Lansia di Wajo Hilang Usai Terjatuh di Irigasi Dekat Rumahnya, Tim SAR Cari

MEDIAWARTA,-Tim SAR Gabungan melakukan operasi pencarian terhadap seorang warga yang dilaporkan terjatuh ke saluran irigasi dan terbawa arus di Desa Wage, Kecamatan Sabbang Paru, Kabupaten Wajo, Sulawesi Selatan, Minggu (24/5).

Korban diketahui bernama Langasi (70 tahun). Berdasarkan informasi yang diterima petugas comm center Kantor Pencarian dan Pertolongan (Basarnas) Kelas A Makassar dari BPBD Wajo pada pukul 15.20 WITA, kejadian terjadi sekitar pukul 13.00 WITA. Korban dilaporkan tenggelam dan terseret arus saluran irigasi yang berada sekitar 600 meter dari rumahnya.

Menurut keterangan saksi, korban terlihat terbawa arus dan sempat akan ditolong oleh warga sekitar. Namun derasnya arus saluran irigasi menyebabkan upaya pertolongan tidak berhasil dilakukan.

Menindaklanjuti laporan tersebut, Tim Rescue Pos SAR Bone diberangkatkan menuju lokasi kejadian pada pukul 15.35 WITA dengan membawa peralatan pendukung operasi SAR. Dengan waktu tempuh dua jam, tim rescue dari Pos Bone tiba pada malam hari sehingga belum melakukan proses pencarian di hari pertama namun tetap berkoordinasi dengan pihak pemerintah setempat dan keluarga korban.

Kepala Kantor Pencarian dan Pertolongan Kelas A Makassar, Muhammad Arif Anwar, mengatakan bahwa pihaknya telah mengerahkan personel dan peralatan guna mempercepat proses pencarian korban.

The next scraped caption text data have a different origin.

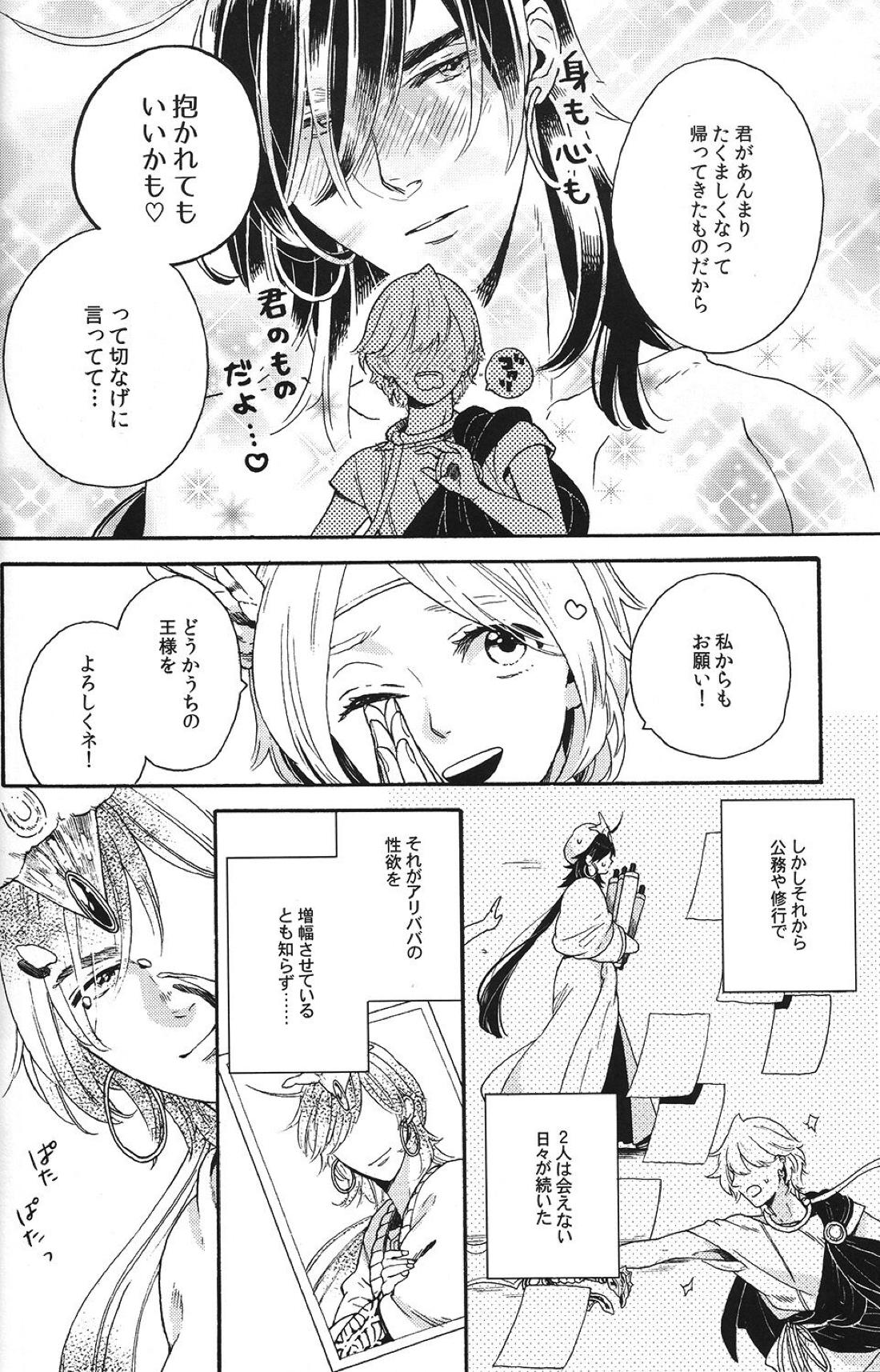 俺のシンドバッドさんがこんなにかわいいわけがない【マギ/シンアリ】 page 11
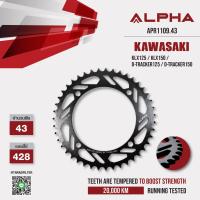 ราคา ALPHA SPROCKET สเตอร์มอเตอร์ไซค์ ใช้สำหรับ Kawasaki KLX125 KLX150 D tracker125 D Tracker150 APF0201 APR1109 (20413381760)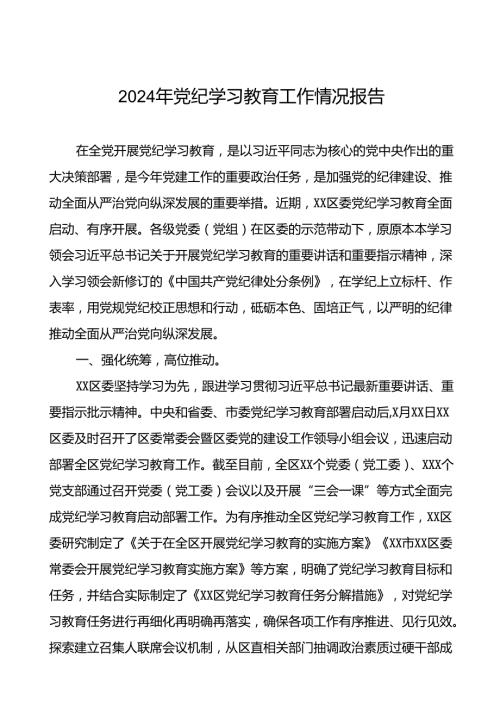 2024年党纪学习教育开展情况阶段性工作总结报告精选范文(十二篇).docx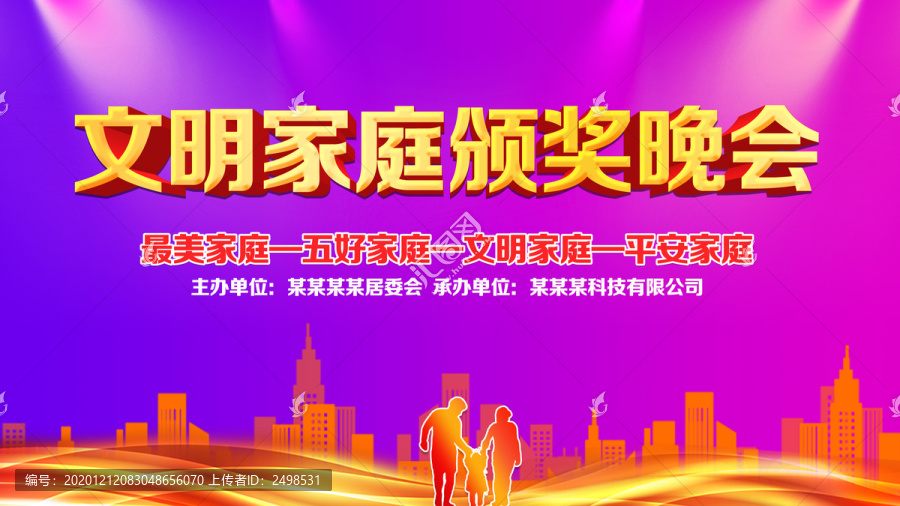 文明家庭頒獎晚會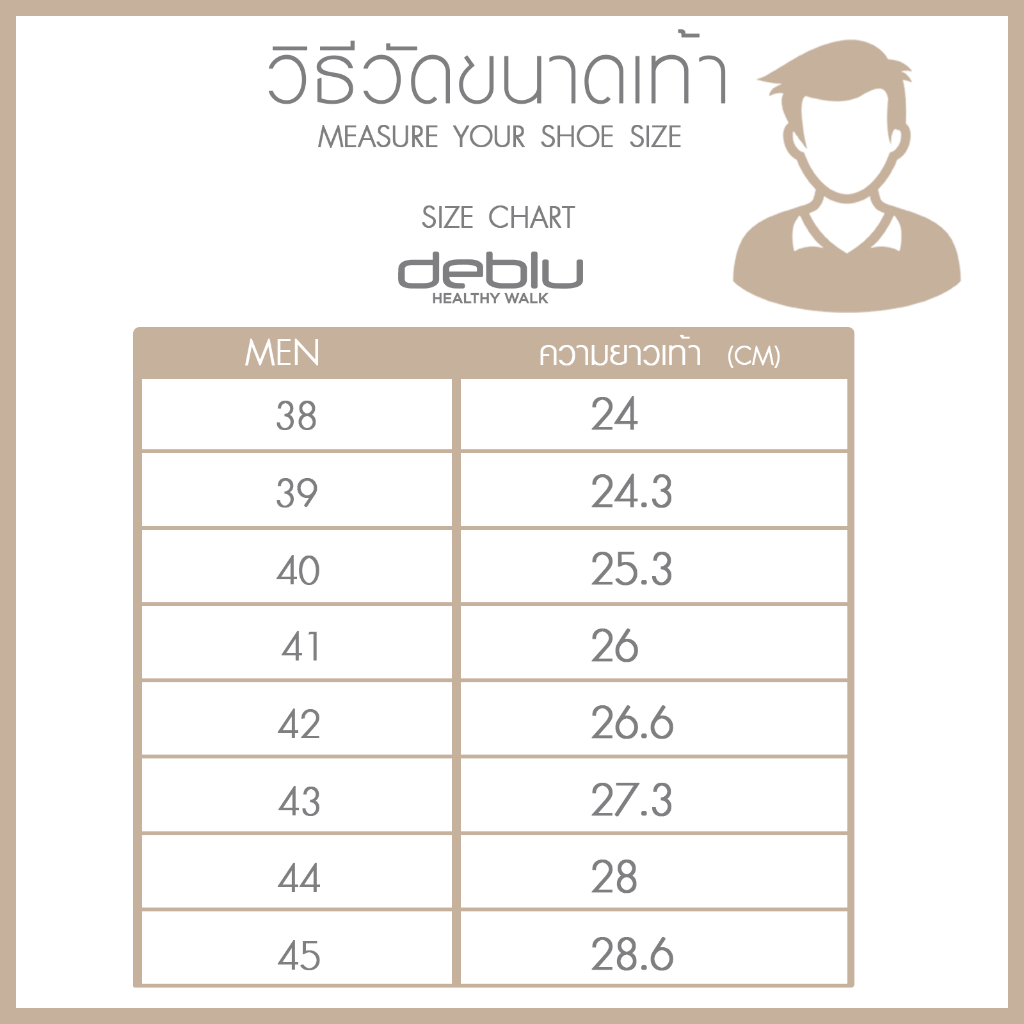 VIDVIEW !!ลดสนั่น!! รองเท้าแตะชาย แบบสวม เพื่อสุขภาพ Deblu M4723 เบอร์ 39-44 สไตล์แฟชั่น ปรับสายได้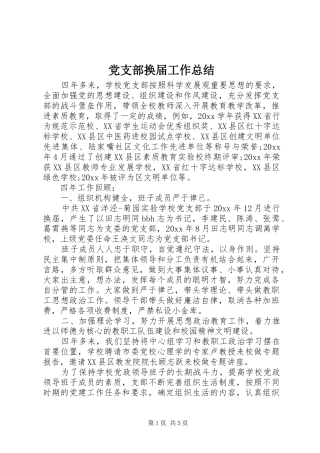党支部换届工作总结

“Setelah menerima informasi dari BPBD Wajo, kami segera menggerakkan Tim Rescue Pos SAR Bone menuju lokasi kejadian. Saat ini tim SAR gabungan melaksanakan pencarian dengan menyisir area saluran irigasi dan lokasi-lokasi yang berpotensi menjadi titik keberadaan korban. Kami juga berkoordinasi dengan unsur terkait dan masyarakat setempat agar operasi pencarian dapat berjalan secara optimal,” ujar Arif.

Arif menambahkan bahwa di pencarian hari kedua, Senin (25/5) dilakukan dengan memperluas area pencarian melalui pembagian sektor pencarian (SRU) guna memaksimalkan efektivitas operasi.

“Pada hari kedua operasi SAR, tim gabungan melaksanakan briefing dan membagi personel ke dalam tiga Search and Rescue Unit (SRU). Strategi ini dilakukan untuk memperluas area pencarian mulai dari saluran irigasi hingga Sungai Walanae yang menjadi jalur potensial terbawanya korban. Kami berharap dengan pengerahan personel, peralatan, dan metode pencarian yang lebih luas, korban dapat segera ditemukan,” kata Arif.

Pencarian hari kedua dimulai pada pukul 07.00 WITA dengan pembagian tugas sebagai berikut, SRU 1 melakukan penyisiran menggunakan metode body rafting dari lokasi kejadian menuju muara saluran irigasi yang terhubung ke Sungai Walanae sejauh kurang lebih 1 kilometer. SRU 2 melakukan pencarian menggunakan dua unit perahu karet di Sungai Walanae, mulai dari muara saluran irigasi hingga wilayah Bonto Tenne sejauh sekitar 5 kilometer. Dan SRU 3 melakukan pencarian menggunakan satu unit perahu karet dari Bonto Tenne hingga Jembatan Cappie sejauh sekitar 5 kilometer.

Operasi SAR melibatkan berbagai unsur, di antaranya Basarnas, SAR Brimob, BPBD Kabupaten Wajo, Damkar Kabupaten Wajo, PMI Wajo, Babinsa, Bhabinkamtibmas, serta masyarakat setempat.

Hingga saat ini korban masih dalam pencarian. Perkembangan lebih lanjut akan disampaikan sesuai hasil operasi SAR di lapangan.